L’acte d’accusation fait état d’une série de stratagèmes audacieux. M. Menendez est accusé d’avoir dirigé des armes et de l’aide vers l’Égypte à un moment où des questions étaient posées au Congrès sur le bilan de ce pays en matière de droits de l’homme. Il a tenté d’interférer avec plusieurs enquêtes criminelles étatiques et fédérales impliquant M. Uribe et M. Daibes, selon les procureurs. Il est également accusé d’avoir usé de son influence pour aider l’entreprise de certification de viande halal de M. Hana à obtenir un monopole lucratif en Égypte.

“Robert Menendez était un sénateur américain motivé par la cupidité et concentré sur le montant d’argent qu’il pouvait mettre dans sa propre poche et dans celle de sa femme”, a déclaré Mme Pomerantz au jury.

Peu de temps après avoir été inculpé, M. Menendez a offert une explication publique sur au moins certaines des espèces découvertes par les enquêteurs dans sa maison. Il a déclaré qu’il retirait régulièrement de grosses sommes d’argent de son compte d’épargne, une coutume qu’il disait avoir apprise de ses parents immigrants cubains.

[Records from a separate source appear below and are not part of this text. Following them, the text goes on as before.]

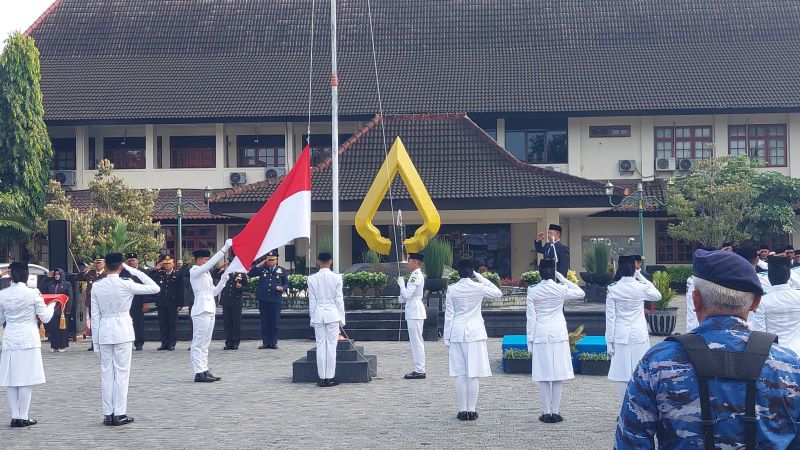 MOMENTUM: Paskibraka mengibarkan bendera merah putih pada peringatan Hari Lahir Pancasila di Halaman Kompleks Pemkab Kulon Progo Minggu (1/6).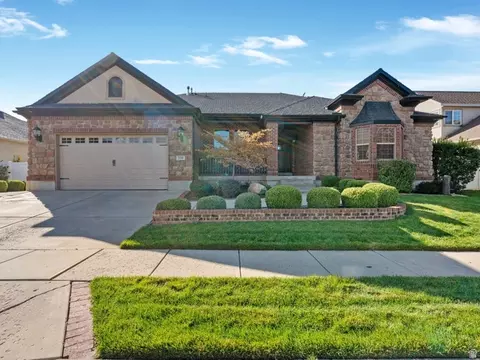 330 W Paradiso Ln, Centerville, UT 84014
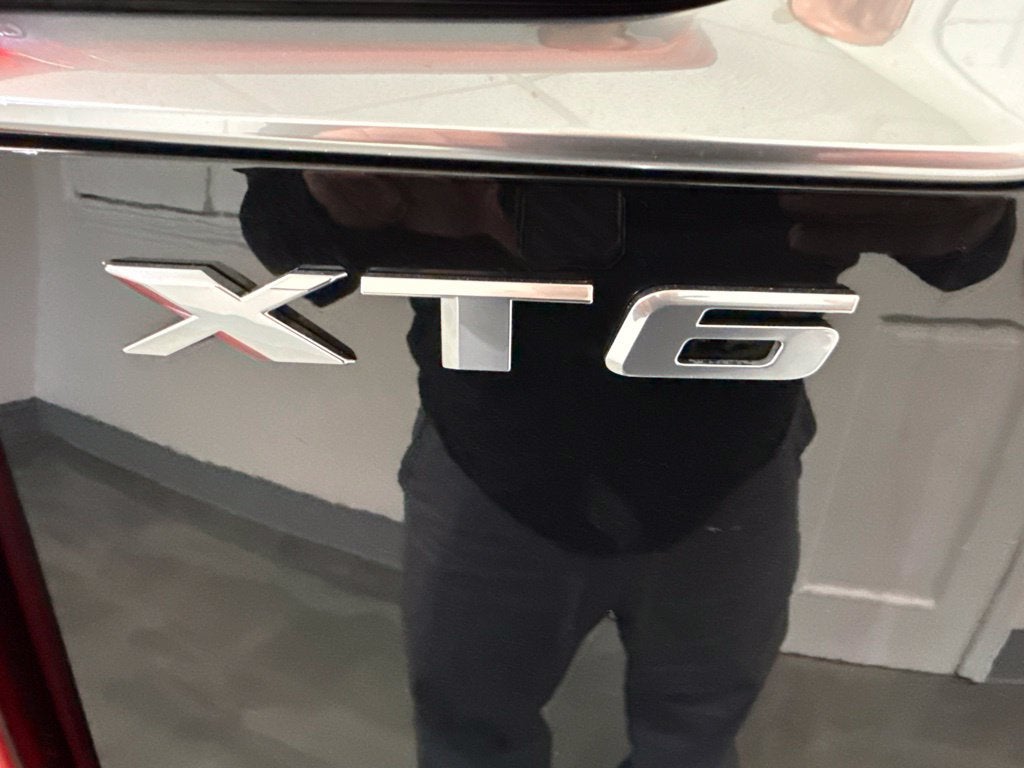2023 Cadillac XT6 AWD Premium Luxury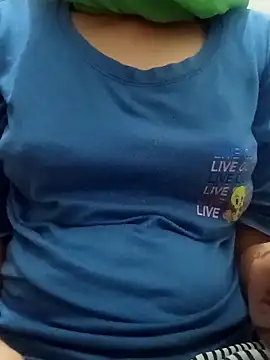 Snapshot of kittu0987 chatting on 11-23-25, 03:39 kittu0987 online show from 11-23-25, 03:39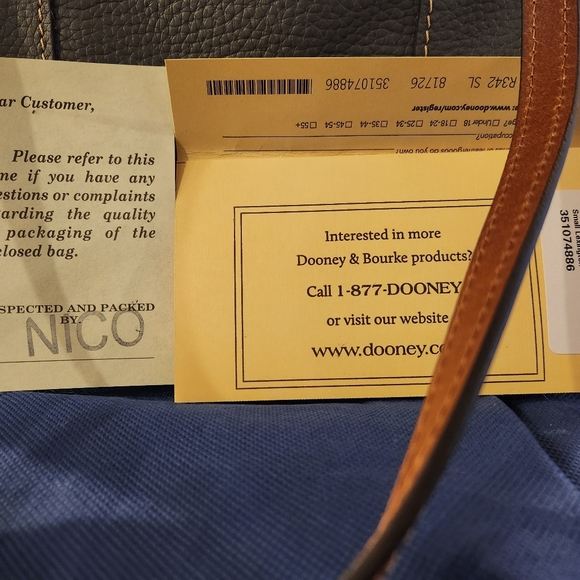 Dooney & Burke Small Lexington - Picture 4 of 6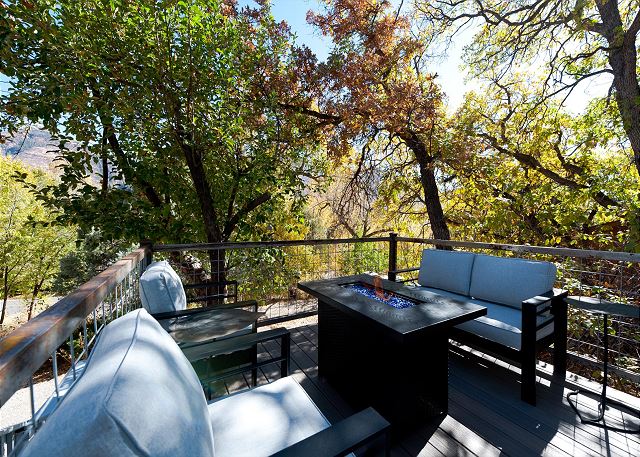 Fully Remodeled Cabin with Deck - 10 Minutes to DGO - AC 4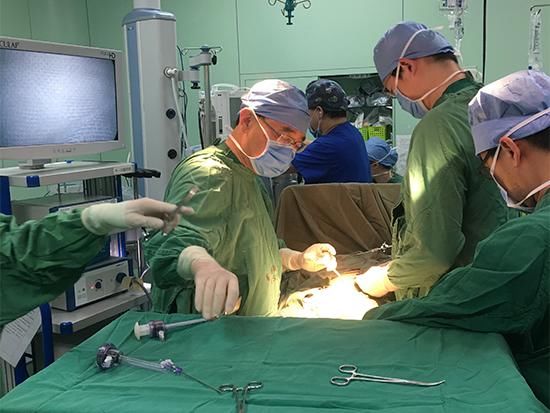 蒋清华院长赴北京大学首钢医院参观学习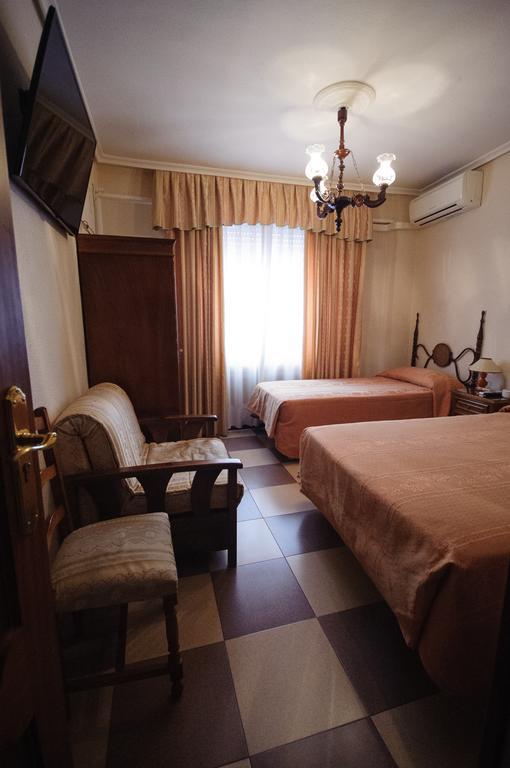 Hostal Restaurante La Trucha Бенавенте Экстерьер фото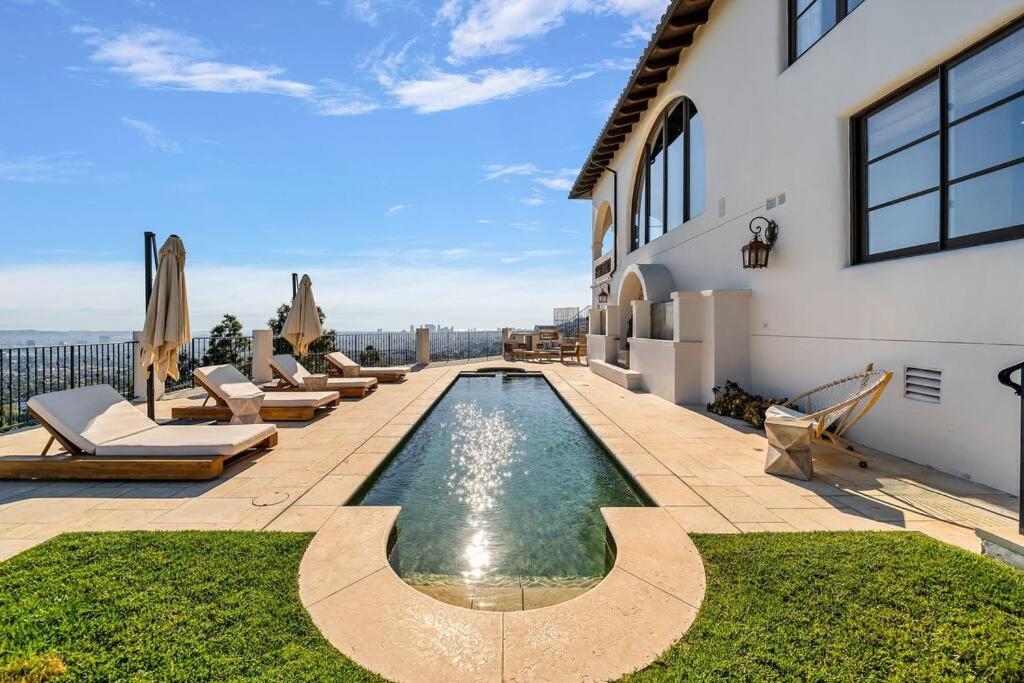 Casa de férias Private Spanish Mansion Perched In The Hills Los Angeles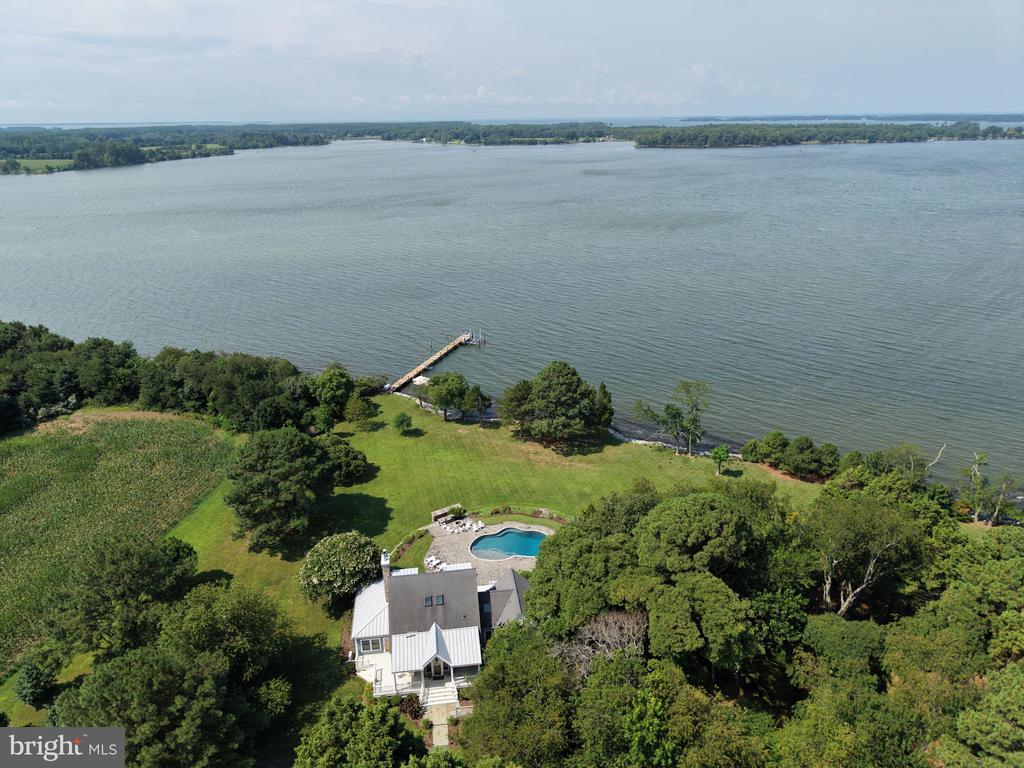 7116 PEA NECK ROAD
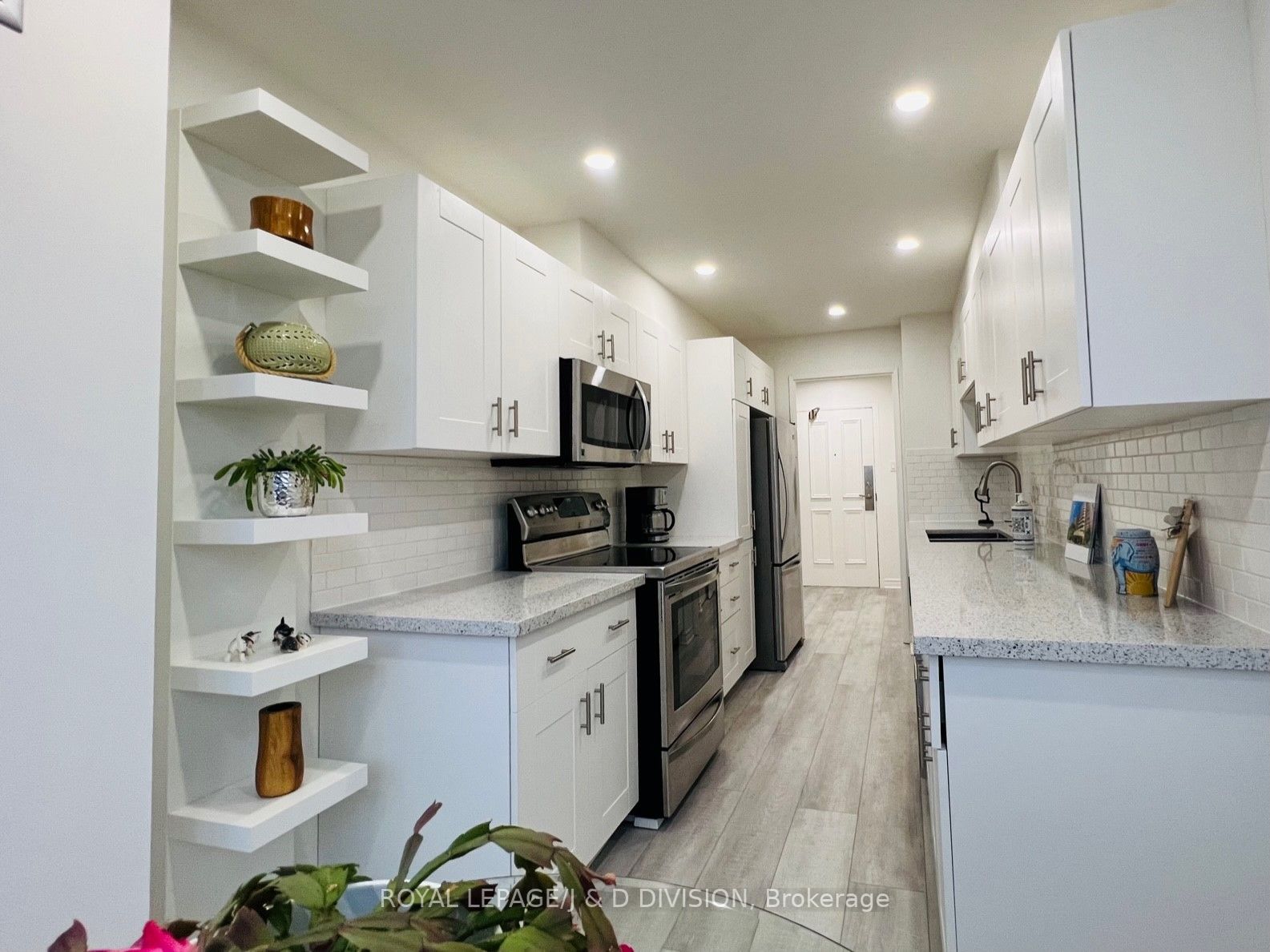 40 Baif Blvd, #912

Les avocats de M. Menendez ont depuis déclaré dans des documents judiciaires qu’ils souhaitaient qu’un psychiatre témoigne sur l’habitude du sénateur de stocker de l’argent. Le médecin, écrivent-ils, dirait au jury que cette pratique était enracinée dans un profond traumatisme psychologique lié au décès par suicide du père de M. Menendez il y a près d’un demi-siècle et à des antécédents familiaux de biens confisqués à Cuba.

Le gouvernement s’est opposé à ce témoignage potentiel et, mardi, le juge Stein a déclaré qu’il ne l’autoriserait pas.

Le jury composé de six hommes et six femmes – ainsi que de six jurés suppléants – a été sélectionné et assermenté par le juge Stein peu avant 13 heures mercredi, après deux jours et demi d’interrogatoire. Les jurés viennent de New York et du comté de Westchester, et plusieurs d’entre eux sont titulaires de diplômes d’études supérieures. Le groupe comprend un économiste à la retraite, un consultant en divertissement et un ergothérapeute.

Les avocats de M. Hana et de M. Daibes devaient prononcer leurs déclarations liminaires jeudi.

Nicolas Fandos, Maria Cramer et Maia Coleman rapports contribués.